= EXERCISE =
Write out the data word for word, taking care that no picture is carried over.

= DATA EXTRACT =
+--
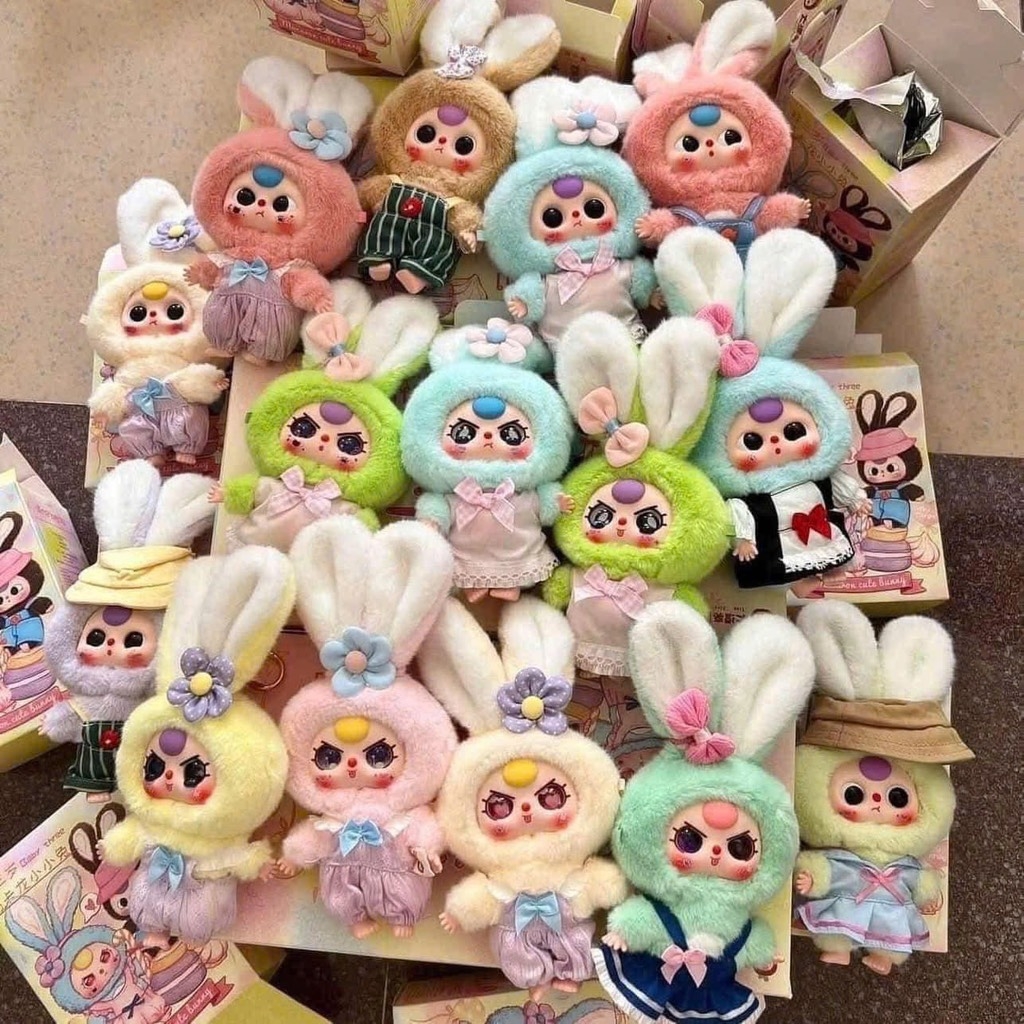 ĐỒ CHƠI BABY THREE BB3 MACARON (SALE 79k)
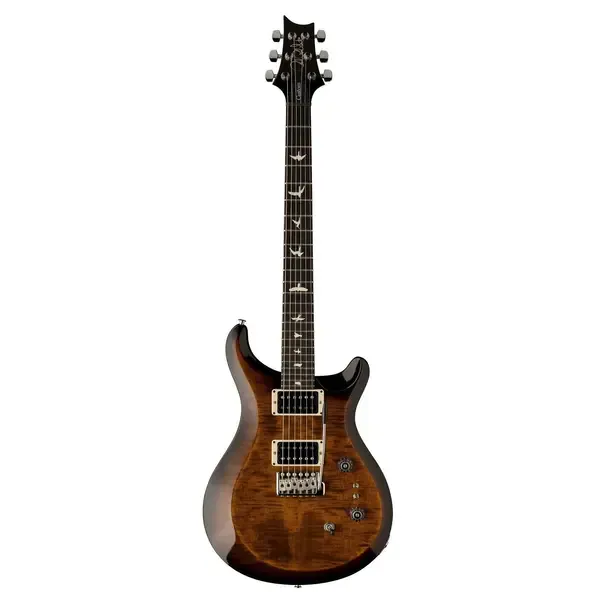 Электрогитара PRS S2 Custom 24-08 Black Amber с чехлом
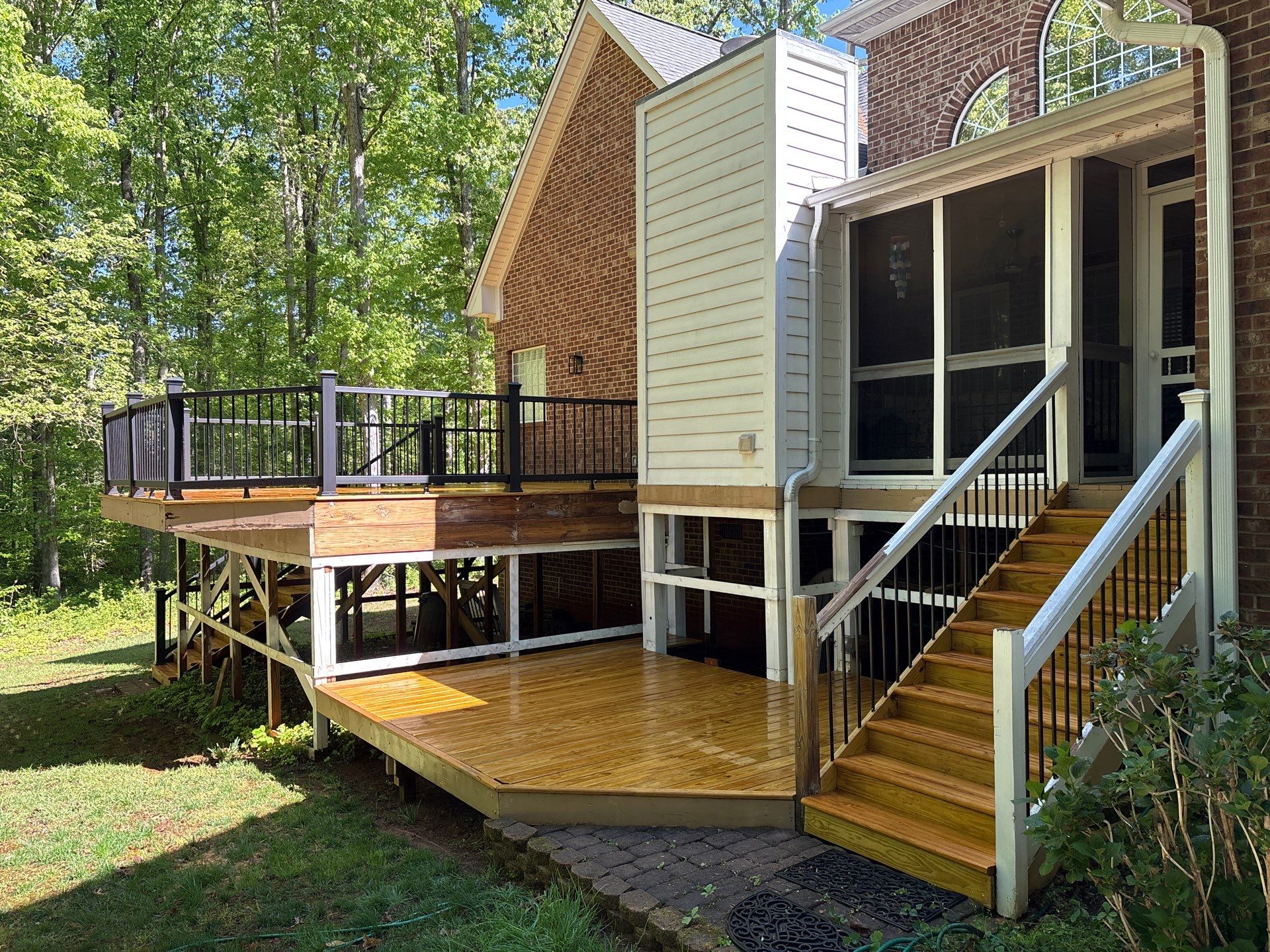 Deck using Wood Sealant by DuraSeal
+--
= ANSWER =
 ĐỒ CHƠI BABY THREE BB3 MACARON (SALE 79k)
 Электрогитара PRS S2 Custom 24-08 Black Amber с чехлом
 Deck using Wood Sealant by DuraSeal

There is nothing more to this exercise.